Beeronomics and Eco-nomics: Globalization and the Cost of Bottling

[Photo Credit: Angelo De Ieso II of Brewpublic]

Mike Weksler of Portland's Green Bottling e-mailed me yesterday with this dilemma:

In January of this year my cost to purchase a case of 12 22oz amber beer bottles went up $.65. It is less expensive for me to purchase my bottles from China, ship them here, and rent a facility to store them than it is for me to purchase them from the local distributor.

What is worse is that the local distributor gets the bottles from an OI plant that is in NE PDX, 3 miles from our HQ.

I don't like the idea of sending our money away from the local economy, and the extra fossil fuels that I would have to consume to get my glass shipped to PDX.

I could also choose to buy my bottles from a plant in OK for $1.20 per case less than I spend now as well.

I am rushing off to Eugene so don't have time to comment too much, but will try and do so later. The standard trade argument would be: well, we should not want to make bottles here, just the high value-added beer and by letting China make the bottles we are all better off (us and the Chinese) . A rejoinder to this is that the cost of shipping is artificially low as the shippers do not have to pay the true cost of carbon usage, so while it may be privately profitable to source bottles from China it is not socially profitable. [This assumes, by the way, that the China plant is not more energy efficient than the PDX plant, which I think is a safe assumption]

The answer? Well, a global carbon tax that accurately reflected the cost of carbon emissions would get the prices right, but let's get real, that 'aint gonna happen anytime soon. So what do you tell a guy like Mike, who is trying to do the right thing, but who knows that if he goes local, some other person could start another bottling business that sources from China?

What do you think?


Mike said...

Buy the glass from China and purchase carbon off-sets from a company like Carbon Fund. This offers the glass at the right price and a nod to reduce the potentially larger carbon foot print of buying the glass from China.

Robert said...

Offsets... see:

Can Mike buy direct from the factory 3 miles away and cut out the distributor?

Maybe there is a way to show his customers the value of a local bottle and sell this as an added value (local/low carbon bottles?) or as a choice in his pricing - although having 2 sets of inventory may be limiting.

sechrest said...

Perhaps this is an opportunity to go to the local producers and to the Portland Development commission and to explore what makes the local costs higher, and find ways to make the current process more efficient. Would more automation help?
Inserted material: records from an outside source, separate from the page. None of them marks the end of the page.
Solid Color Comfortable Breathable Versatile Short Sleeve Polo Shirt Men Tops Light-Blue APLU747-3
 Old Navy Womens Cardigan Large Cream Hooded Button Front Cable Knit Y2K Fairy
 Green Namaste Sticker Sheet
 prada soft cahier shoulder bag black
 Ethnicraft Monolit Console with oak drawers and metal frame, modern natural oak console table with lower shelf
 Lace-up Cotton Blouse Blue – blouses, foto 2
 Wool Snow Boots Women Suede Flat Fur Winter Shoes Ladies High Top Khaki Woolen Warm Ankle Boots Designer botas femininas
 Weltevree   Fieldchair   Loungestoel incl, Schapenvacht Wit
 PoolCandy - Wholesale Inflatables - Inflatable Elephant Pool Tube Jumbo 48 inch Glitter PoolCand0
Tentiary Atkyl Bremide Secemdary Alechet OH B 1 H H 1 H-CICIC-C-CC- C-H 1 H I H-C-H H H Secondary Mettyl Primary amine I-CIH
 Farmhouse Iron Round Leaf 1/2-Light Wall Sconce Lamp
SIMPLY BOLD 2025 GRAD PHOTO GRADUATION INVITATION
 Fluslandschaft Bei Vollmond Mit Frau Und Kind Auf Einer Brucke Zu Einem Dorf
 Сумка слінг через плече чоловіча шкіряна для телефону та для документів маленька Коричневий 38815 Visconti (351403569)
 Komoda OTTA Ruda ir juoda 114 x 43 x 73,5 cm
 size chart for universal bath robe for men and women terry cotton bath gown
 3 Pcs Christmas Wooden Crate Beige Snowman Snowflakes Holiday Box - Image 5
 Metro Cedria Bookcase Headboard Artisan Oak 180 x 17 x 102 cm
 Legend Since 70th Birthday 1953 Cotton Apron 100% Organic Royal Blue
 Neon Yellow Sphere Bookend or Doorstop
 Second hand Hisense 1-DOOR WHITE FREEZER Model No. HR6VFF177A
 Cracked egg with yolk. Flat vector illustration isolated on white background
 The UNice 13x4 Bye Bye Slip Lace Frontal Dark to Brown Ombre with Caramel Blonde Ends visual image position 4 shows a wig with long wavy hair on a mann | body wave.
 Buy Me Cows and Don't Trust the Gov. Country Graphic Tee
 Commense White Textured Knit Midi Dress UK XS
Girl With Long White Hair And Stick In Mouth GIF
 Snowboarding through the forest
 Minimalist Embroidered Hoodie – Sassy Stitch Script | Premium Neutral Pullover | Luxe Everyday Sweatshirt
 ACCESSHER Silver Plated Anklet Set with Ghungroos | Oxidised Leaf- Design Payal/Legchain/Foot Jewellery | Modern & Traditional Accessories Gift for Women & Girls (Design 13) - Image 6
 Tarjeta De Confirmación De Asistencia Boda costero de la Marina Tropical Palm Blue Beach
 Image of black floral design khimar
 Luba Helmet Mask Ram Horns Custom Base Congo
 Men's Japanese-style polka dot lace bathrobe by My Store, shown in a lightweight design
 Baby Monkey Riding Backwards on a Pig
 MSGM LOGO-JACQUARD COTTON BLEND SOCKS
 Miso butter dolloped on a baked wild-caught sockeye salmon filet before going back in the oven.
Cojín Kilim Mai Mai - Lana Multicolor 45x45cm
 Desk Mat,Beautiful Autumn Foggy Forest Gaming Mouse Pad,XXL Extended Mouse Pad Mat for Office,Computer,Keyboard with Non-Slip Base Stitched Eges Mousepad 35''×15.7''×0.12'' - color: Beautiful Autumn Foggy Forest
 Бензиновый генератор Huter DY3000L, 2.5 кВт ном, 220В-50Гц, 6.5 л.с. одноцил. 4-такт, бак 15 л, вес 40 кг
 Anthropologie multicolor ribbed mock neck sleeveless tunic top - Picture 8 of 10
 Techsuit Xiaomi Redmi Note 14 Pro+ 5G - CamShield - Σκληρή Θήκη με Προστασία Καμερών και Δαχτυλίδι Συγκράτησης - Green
Would larger scale help? Would material cost changes help?

What would it take to make the local companies to be price competative? Is there any kind of investment into the companies that would alter their efficiencies?

Now with PDC and ARRA resources available, what kind of transformation is possible?

Ralph said...

Can someone point me to a place to learn about the "true cost" of carbon?

I want to know if Mike is paying the "true cost" to run his business.

Jessica said...

Personally, I always choose local when the choice exists and I can tell which option is local. I don't care if it costs more, it's the right thing to do. So, I would advise him to buy locally but to also be sure and advertise that on his packaging so that others like me can vote with their dollars.

Swordboarder said...

Buy Locally, Distribute Globally. It's how you make your community money.

Why should you buy bottles from the Chinese if they aren't going to drink your beer?